Monday, May 11, 2020

Surprised by Joy Davidman

The late-in-life romance of C.S. Lewis and Joy Davidman must be one of the most famous literary love stories of the 20th century. Lewis, a respected authority on Medieval and Renaissance literature and popular author of books about Christianity, and Davidman, a poet and novelist who was a former atheist, former Communist and former Jew who converted to Christianity, have been the subject of numerous books and even a notable film, Shadowlands, starring Anthony Hopkins and Debra Winger.

Yet these accounts have generally been from the point of view of Lewis. We see how she impacted his life. One of the pleasures of Joy: Poet, Seeker, and the Woman Who Captivated C.S. Lewis by Abigail Santamaria is that it reveals how he impacted her life.

Joy's parents were strict and unaffectionate. A less than perfect report card usually meant a slap in the face from her father. Throughout her youth she dreamed of Fairyland, a yearning very much like what Lewis describes in several of his books. She sought her Fairyland in her poetry, in the Communist Party and the Soviet Union (she once idolized Stalin much as she later idolized Lewis) and even in an early form of L. Ron Hubbard's Scientology. She married a fellow Communist, Bill Gresham, also a writer, and they had two sons.

Reading books by C.S. Lewis and experiencing a profound religious experience when, still an atheist, she bowed in desperation to pray, her life was transformed. Bill changed, too, and together they joined a Presbyterian Church, both even becoming officers in the church. Bill was the more commercially successful writer of the pair, selling one of his novels to Hollywood, but he drank too much, once fired a rifle in their house while the boys slept and was sometimes unfaithful.

And then Joy began pursuing Lewis, as if he were her Fairyland. She wrote to him, Lewis responded and a long correspondence began. Then she left for England for several months, supposedly to do research for a book, although her real purpose was to meet Lewis and, if possible, win the heart of this contented bachelor who lived in Oxford with his brother. Despite the fact that her husband was alcoholic and attracted to other women, she left their children in the care of Bill and Renee, Joy's pretty cousin, a woman fleeing her own husband. When Bill and Renee fell in love, Joy portrayed it to Lewis as a betrayal, although Santamaria suggests it may have been her plan all along.

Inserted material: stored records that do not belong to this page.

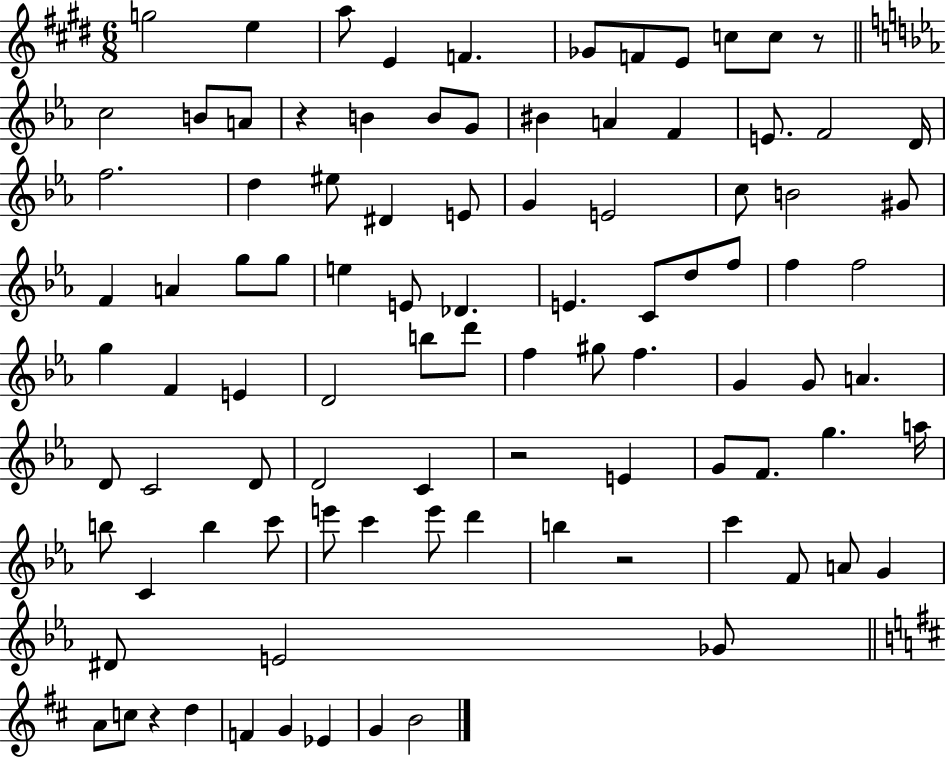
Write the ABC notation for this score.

X:1
T:Untitled
M:6/8
L:1/4
K:E
g2 e a/2 E F _G/2 F/2 E/2 c/2 c/2 z/2 c2 B/2 A/2 z B B/2 G/2 ^B A F E/2 F2 D/4 f2 d ^e/2 ^D E/2 G E2 c/2 B2 ^G/2 F A g/2 g/2 e E/2 _D E C/2 d/2 f/2 f f2 g F E D2 b/2 d'/2 f ^g/2 f G G/2 A D/2 C2 D/2 D2 C z2 E G/2 F/2 g a/4 b/2 C b c'/2 e'/2 c' e'/2 d' b z2 c' F/2 A/2 G ^D/2 E2 _G/2 A/2 c/2 z d F G _E G B2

In time Joy took her boys to England, she and Bill divorced and she and Lewis were married twice, once in a civil ceremony and again in a Christian one.

Joy Davidman does not come through as a particularly admirable person even in her own biography, yet the author leaves no suggestion at the end that Lewis was ever deceived or taken advantage of. He loved Joy Davidman with all his heart and grieved deeply after her premature death from cancer. Imperfect though she may have been, she made his own imperfect life seem briefly like Fairyland.